You're reading: Lawmakers to consider transfer pricing bill in January, says chief tax officer

The draft bill on transfer pricing, prepared by the State Tax Service of Ukraine (STSU) jointly with PricewaterhouseCoopers, will be tabled in parliament in January 2013, and in case of adoption, it may become effective as early as on July 1, 2013, according to STSU chief Oleksandr Klymenko.

“I believe that a Verkhovna Rada [parliament] session is to begin on January 10, and we’ll table the draft law for consideration at first reading. As for [its] implementation, there are two options here: January 1, 2014 or July 1, 2013. Therefore we’ll be doing our utmost to pass it in the first quarter of 2013 comprehensively – at first and second reading,” Klymenko said during the presentation of the draft law to Ukrainian businessmen on Tuesday.

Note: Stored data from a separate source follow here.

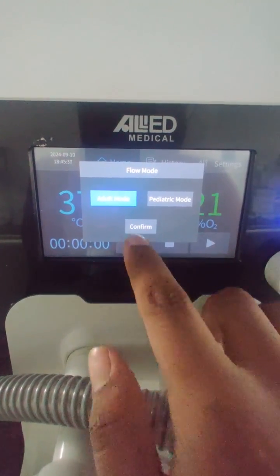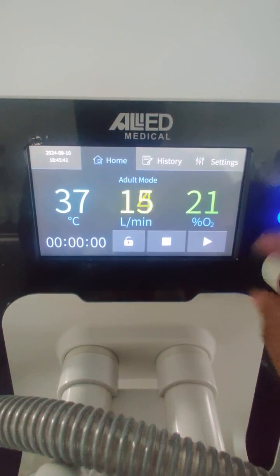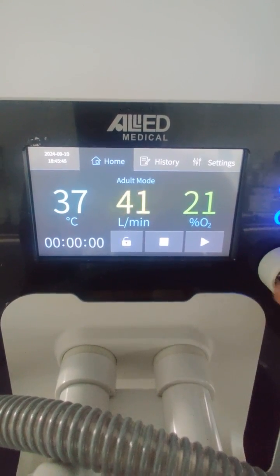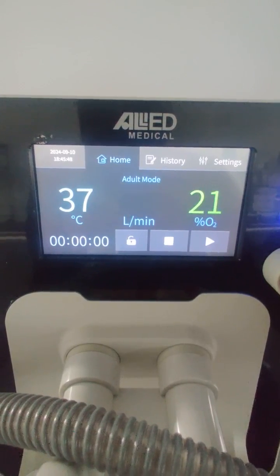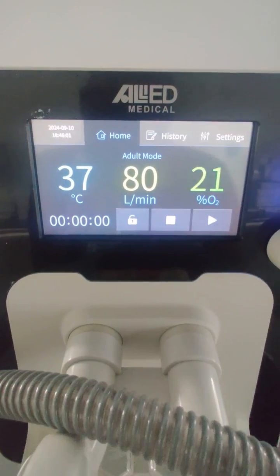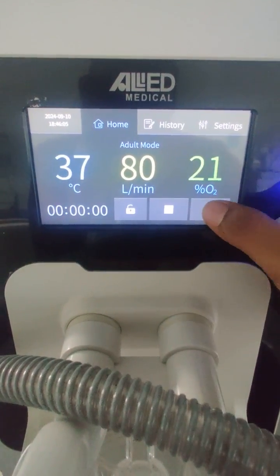After selecting adult mode and pressing confirm, in adult mode the flow starts from 10 liters per minute and goes up to a maximum of 80 liters per minute. You can also select the FiO2 from 21% to 100%.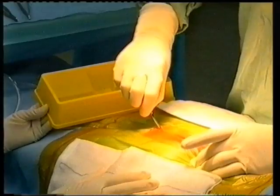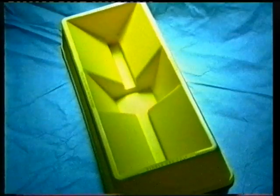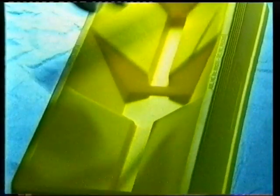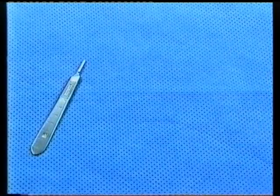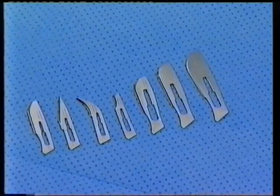Surgeons will find removing scalpels from the ScrubSafe device easy and safe. They don't have to take their eyes off the surgical site to do so. They simply reach in and their fingers are automatically guided around the scalpel handle only. By being able to get their fingers to the underside of the handle, they can get a good grip to safely remove the scalpel. To replace it, they only drop it into the ScrubSafe at a slight angle, causing the scalpel to spin on its descent and sit flat in the bottom recess. The ScrubSafe device accepts handle sizes 3, 4, 7, and 9, loaded with scalpel blades size 10, 11, 12, 15, 20, 21, 22, and 23.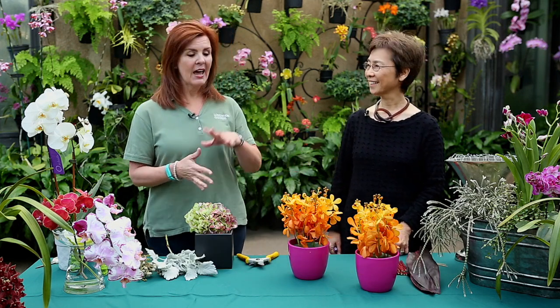Hi, I'm Kelly Saraceno at Longwood Gardens, one of the great gardens of the world, and I'm joined today by Kress Motze, internationally acclaimed floral designer, and Kress is going to share with us some ideas on how to arrange with beautiful orchids.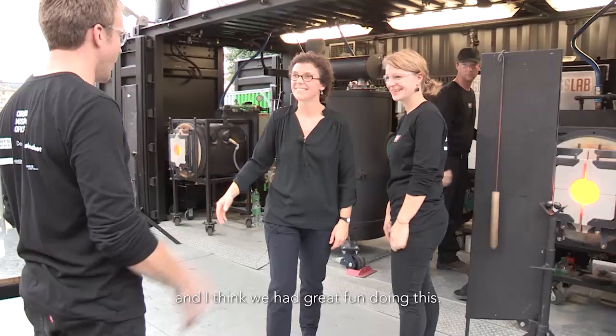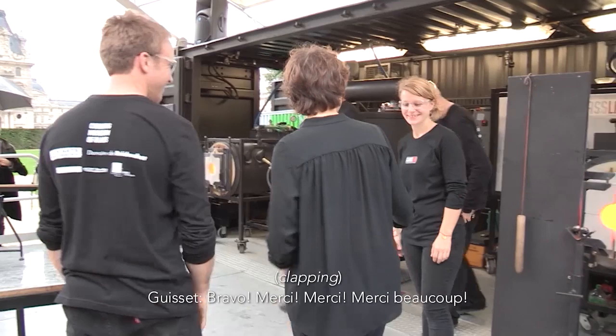Bravo, merci, merci, merci beaucoup. Adam, congratulations. Thank you, Eric.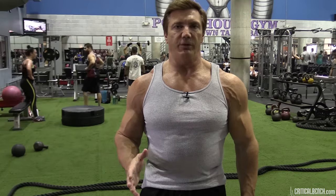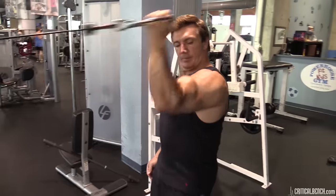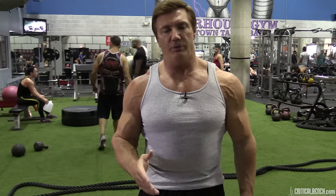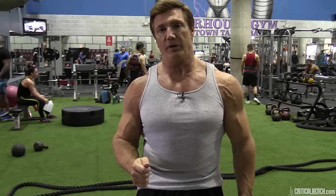Let's talk about arm training between training at the gym and training at home. At the gym you're going to have a wide variety of equipment — not only barbells and dumbbells, but also arm machines and cable exercises. When you're training at home you really only have barbells and dumbbells, but you can still get a really good arm workout at home because barbells and dumbbells are just the basics and that's really all you need.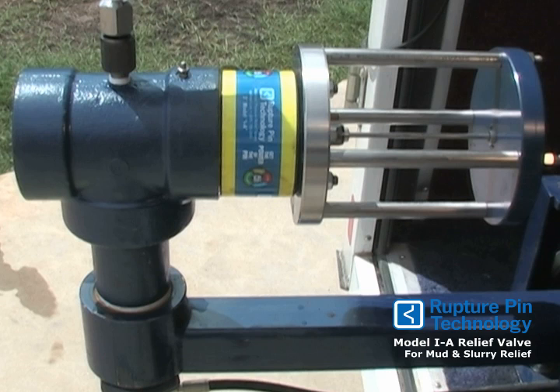While in operation, the slurry pressure acts on a differential piston area, giving an axle force on the restraining pin. The pin obeys Euler's law and buckles at an exact pressure.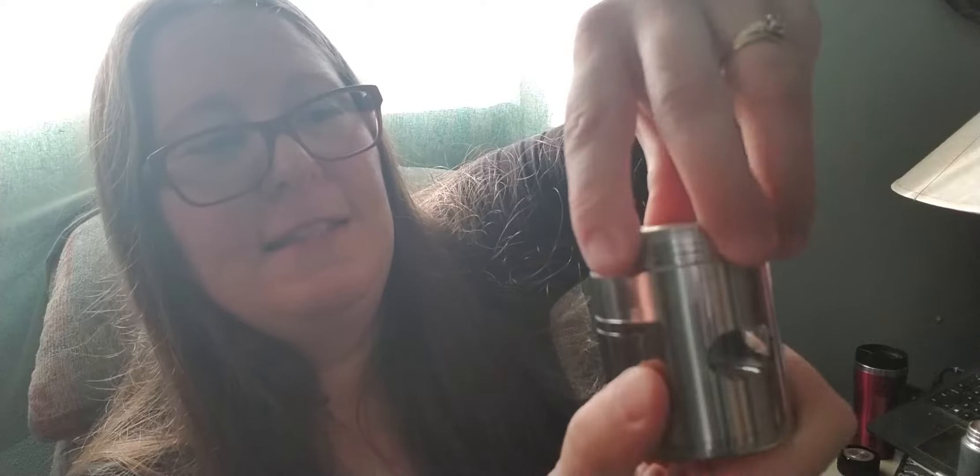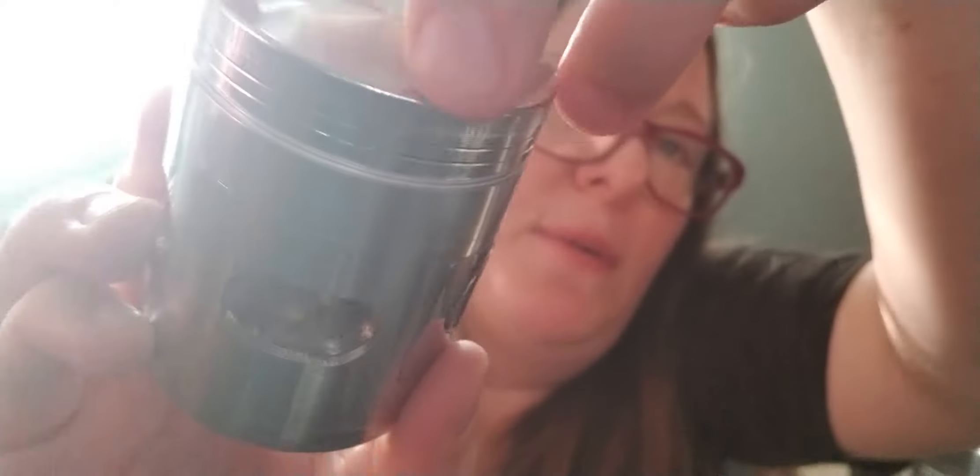Now we've got the lid on, and you just sort of twist this. You can look through these little windows — helped if I actually pointed at the camera. There we go. Now you can see the pepper coming in.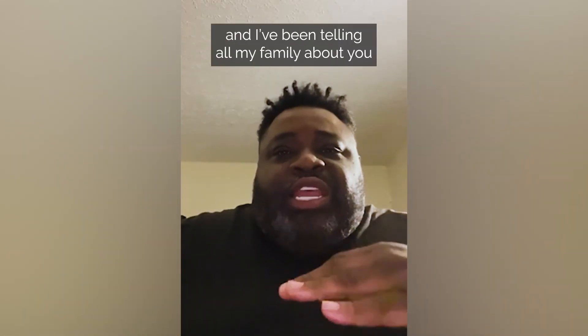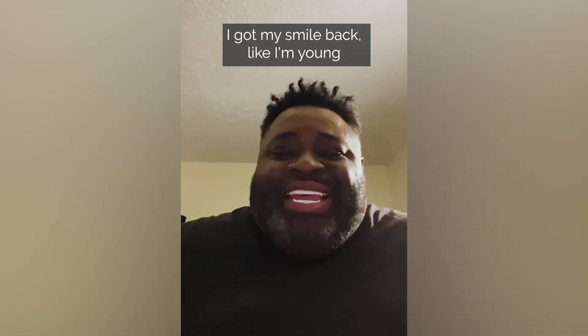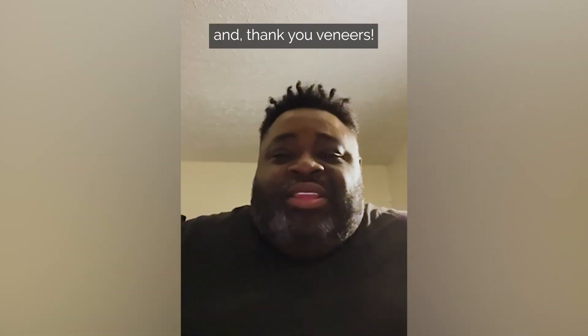I love them, and I've been telling all my family about you. I got my confidence back and everything. I got my smile back like I'm young, and thanks for everything.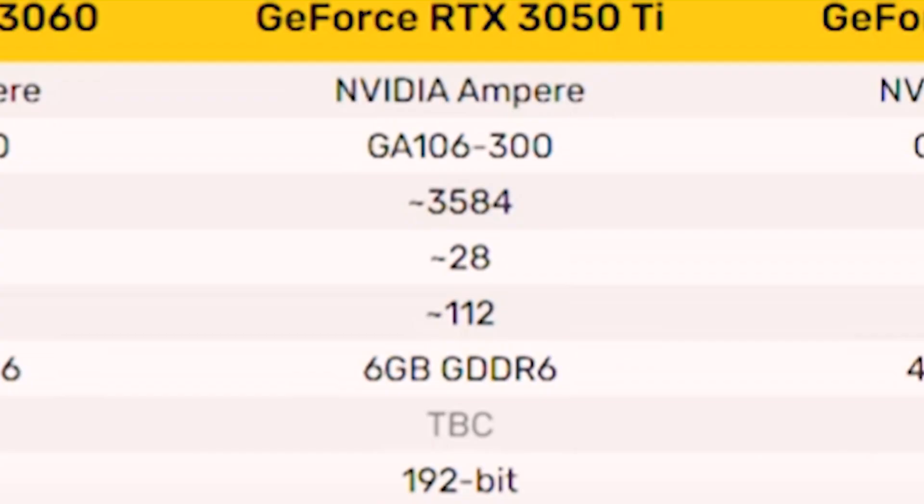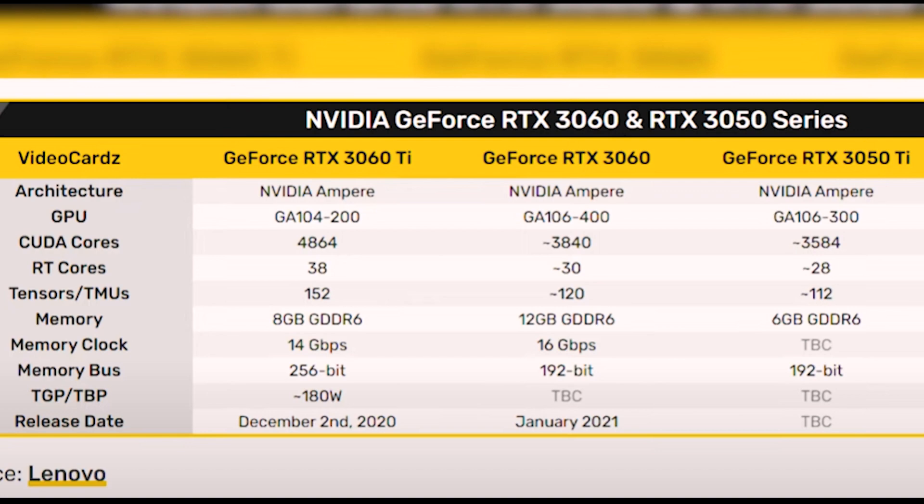With more CUDA cores and a new architecture, both the RTX 3050 and 3050 Ti surpass the 2060 and 2070 respectively in raw performance. The RTX 3050 Ti will have 28 second-generation RT cores, versus 36 first-gen RT cores in the RTX 2070. For tensor cores, it has 112 third-generation tensor cores compared to the 2070's 288 second-generation ones.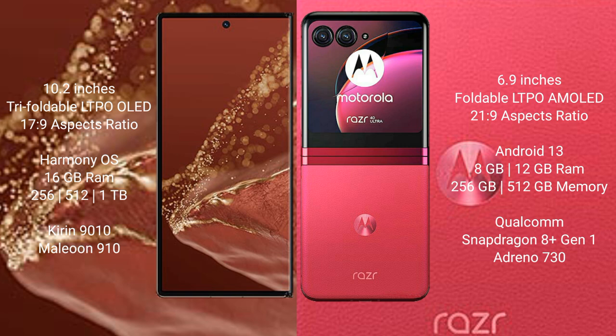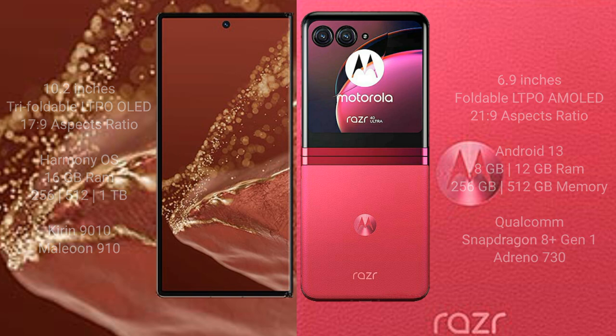The Huawei Mate XT Ultimate runs on HarmonyOS, while the Motorola Razr 40 Ultra runs on Android 13. The Huawei Mate XT Ultimate comes with 16 GB RAM and 256 GB, 512 GB, or 1 TB storage, powered by the Kirin 9010 processor. The Motorola Razr 40 Ultra comes with 8 GB or 12 GB RAM and 256 GB or 512 GB storage, powered by the Qualcomm Snapdragon 8 Gen 2 processor.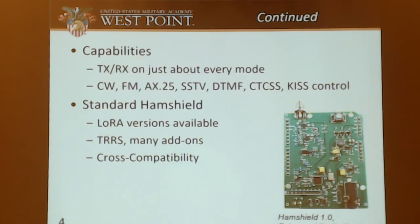It has sorted capabilities. It can transmit and receive on just about every mode on 2 meters and 70 centimeters. It does all those modes listed there. SSTV is also on there, but that doesn't really work — that's another thing with the HamShield developers. This is just a standard HamShield. There's also a LoRa version if you want to do internet communications, with TRRS and TNC control. The same scripts work on the HamShield Mini and the LoRa version — they're all cross-compatible.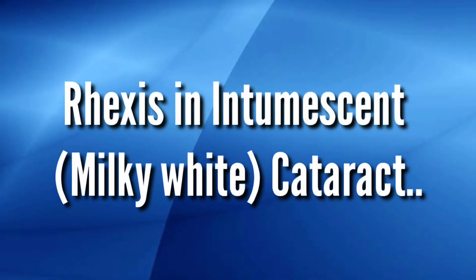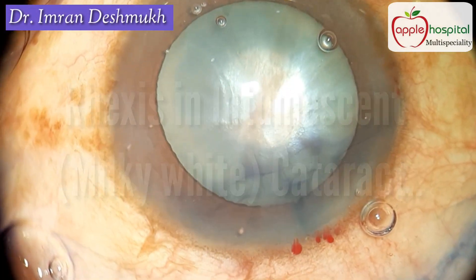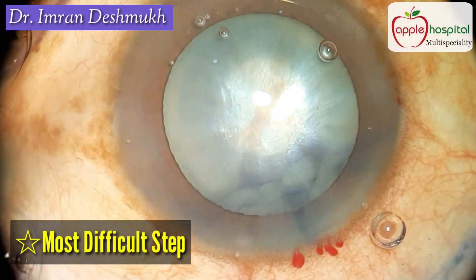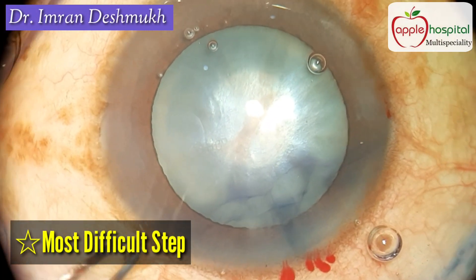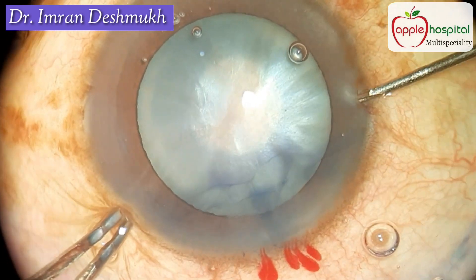Hello everyone. Today we'll be discussing how to make a rhexis in a white milky intumescent cataract, and believe me, this is the most difficult and toughest step during phacoemulsification of a white milky cataract.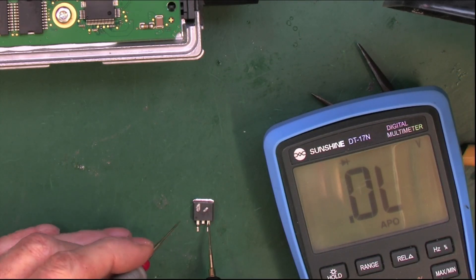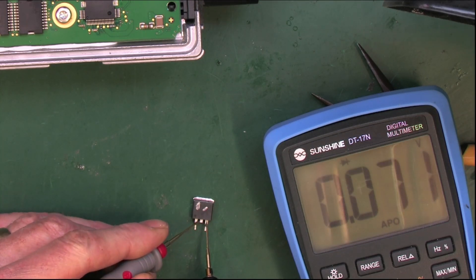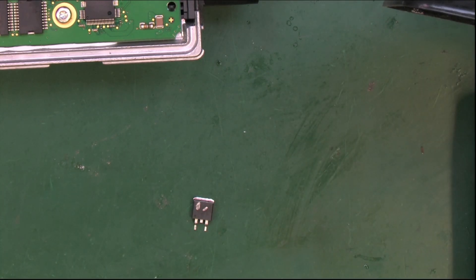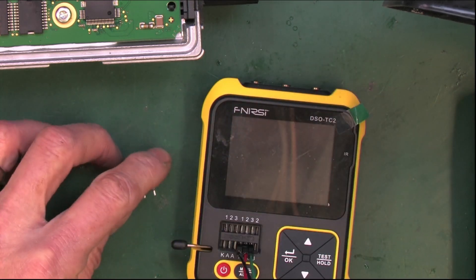Let's see what it gives us here. We're shorted — we should be open. So this is a bad MOSFET. Another thing — I like these. You can get one of these; they're worth it.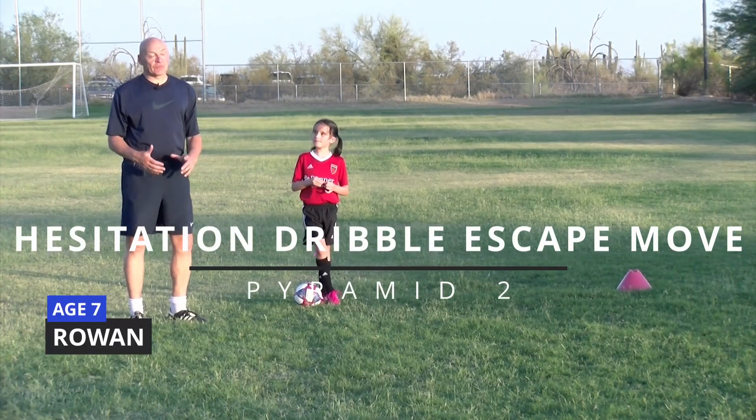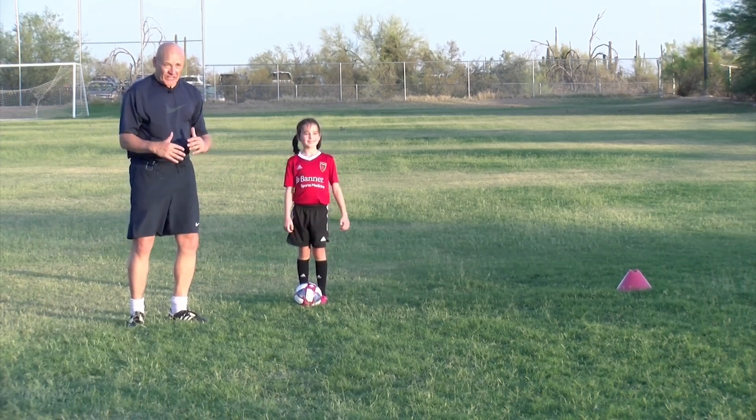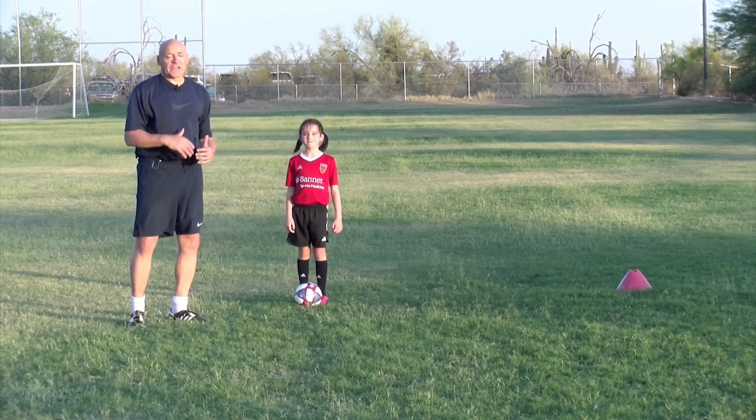The Hesitation Dribble Escape Move. My friend Rowan's going to show us. She's going to dribble, pretend like she's going to pass or shoot the ball, but actually continue her dribble.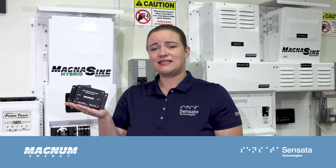For more information about the ME-AGS, visit our website at SensataPower.com. Thanks!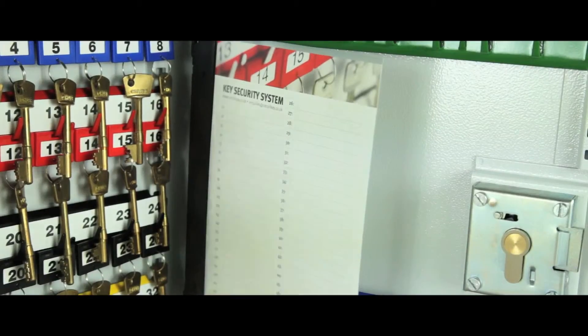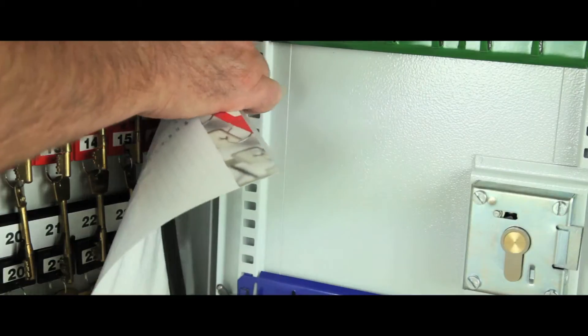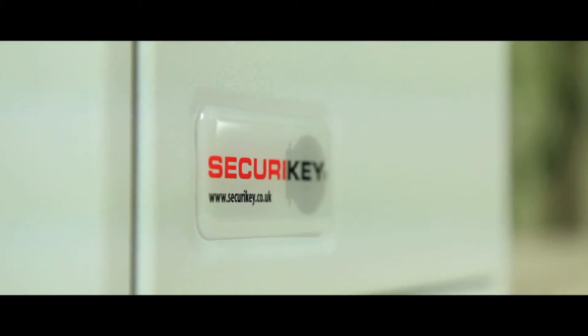A removable control index is supplied in all models except the System 20, and all are supplied in a durable powder coated finish.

In his words, companies will have a week to study the draft law and put forth their proposals, and then the document will be sent to parliament.

“This bill will be tabled in parliament after discussions, and I guarantee it will be adopted,” he said.

Under the bill, monitored will be not only foreign economic operations with residents of the countries with low tax rates, but also transactions inside a group of companies (between affiliated entities). In both cases this is applicable if a total sum of transactions with a counteragent exceeds Hr 50 million per year.

Klymenko notes that the Hr 50 million level is under discussion now, although he says it is “a rather objective figure, which will allow tax authorities not to miss important things and deliver businesses from some unnecessary reports.”

Businessmen in turn say that the threshold should be higher. In particular, SCM Chief Financial Officer Marharyta Povashnaya said that the Hr 100 million would be more acceptable for Ukrainian businesses.

The bill foresees that companies should submit a report on monitored operations and documents related to transfer pricing on transactions every year before May 1.

The documentation will contain detailed information about transactions, counterparties involved in transactions, risk analysis and justification for the selection of a particular price level.

Fines worth 5% of the sum of a monitored operation is to be introduced for the failure to provide the report, and a fine worth 100 minimum wages is fixed for the failure to submit other required documents.

The bill also introduces a new type of inspections – a special inspection on transfer pricing. These will be long-term checks – from six to twelve months. In this case, tax authorities will not be authorized to check the pricing in monitored transactions as part of a usual inspection, but could check whether all transactions are reflected in the report.